The next banana dish I made was banana upside-down brownies—basically, brownies with carmelized bananas on top. I changed the recipe a lot; although I followed the instructions for the upside-down banana part, I used a different brownie recipe that I got from Epicurious.com because the original recipe used cocoa powder instead of melted chocolate, and seemed to make cakey rather than fudgy brownies.

Topping Ingredients:

1/3 cup plus 2 tablespoons (100 g) packed dark brown sugar
2 tablespoons butter; cubed, at room temperature
3-4 ripe medium bananas
A few drops of lemon juice

Brownie Ingredients:

2 sticks (1 cup) unsalted butter
8 ounces fine-quality bittersweet chocolate (not unsweetened), coarsely chopped
1 1/4 cups all-purpose flour
1 teaspoon baking powder
1/2 teaspoon salt
2 cups sugar
4 large eggs
2 teaspoons vanilla

Topping Instructions:

Place the brown sugar and water or butter in an 8×8-inch metal cake pan. Place the pan directly on the stove and warm over low heat, stirring until the sugar is the texture of wet sand.
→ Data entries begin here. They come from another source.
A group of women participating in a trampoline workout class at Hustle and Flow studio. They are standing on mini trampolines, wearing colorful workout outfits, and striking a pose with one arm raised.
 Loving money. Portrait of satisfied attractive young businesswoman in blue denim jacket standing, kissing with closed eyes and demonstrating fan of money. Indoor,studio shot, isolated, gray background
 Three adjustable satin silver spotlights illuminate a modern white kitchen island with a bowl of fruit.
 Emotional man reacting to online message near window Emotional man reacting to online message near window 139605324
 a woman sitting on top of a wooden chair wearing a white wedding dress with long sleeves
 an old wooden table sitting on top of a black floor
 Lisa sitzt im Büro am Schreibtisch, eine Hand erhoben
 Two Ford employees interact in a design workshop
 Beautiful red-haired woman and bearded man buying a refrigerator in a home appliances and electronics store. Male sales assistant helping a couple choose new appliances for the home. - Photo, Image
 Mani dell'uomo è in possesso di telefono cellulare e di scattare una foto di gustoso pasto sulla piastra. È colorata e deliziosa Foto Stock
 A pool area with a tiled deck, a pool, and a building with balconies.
If using water, simmer for about 45 seconds. If using butter, stir just until the sugar is moist and bubbling, then remove from heat. (It won’t be completely smooth, and there may be a few bare spots.) Let cool to room temperature.

Peel and slice the bananas in 1/4-inch slices. Arrange them, slightly overlapping, over the melted brown sugar. Sprinkle with a few drops of lemon juice.

Brownies Instructions:

Put oven rack in middle position and preheat oven to 350°F.

Melt butter and chocolate in a medium heatproof bowl and set over a saucepan of simmering water. Stir occasionally until smooth.

Whisk together flour, baking powder, and salt in a small bowl.

Whisk together sugar, eggs, and vanilla in a large bowl, then pour in chocolate mixture, whisking until combined well. Whisk in flour mixture, then pour batter over the bananas already in the baking pan.

Bake until top is shiny and set and sides have begun to pull away slightly (a wooden pick or skewer will not come out clean), about 35 minutes, for fudgy brownies; or until wooden pick or skewer comes out clean, 50 minutes to 1 hour total, for cakey brownies.

Cool brownies completely in pan on a rack. Invert onto a cutting board and cut into squares.

Not to toot my own horn, but these brownies were so good that I don’t know if I will ever want brownies without bananas again. So, actually, kind of to toot my own horn. But also in praise of bananas, for making the best desserts.

After all these banana escapades, I still had one left. I ate it.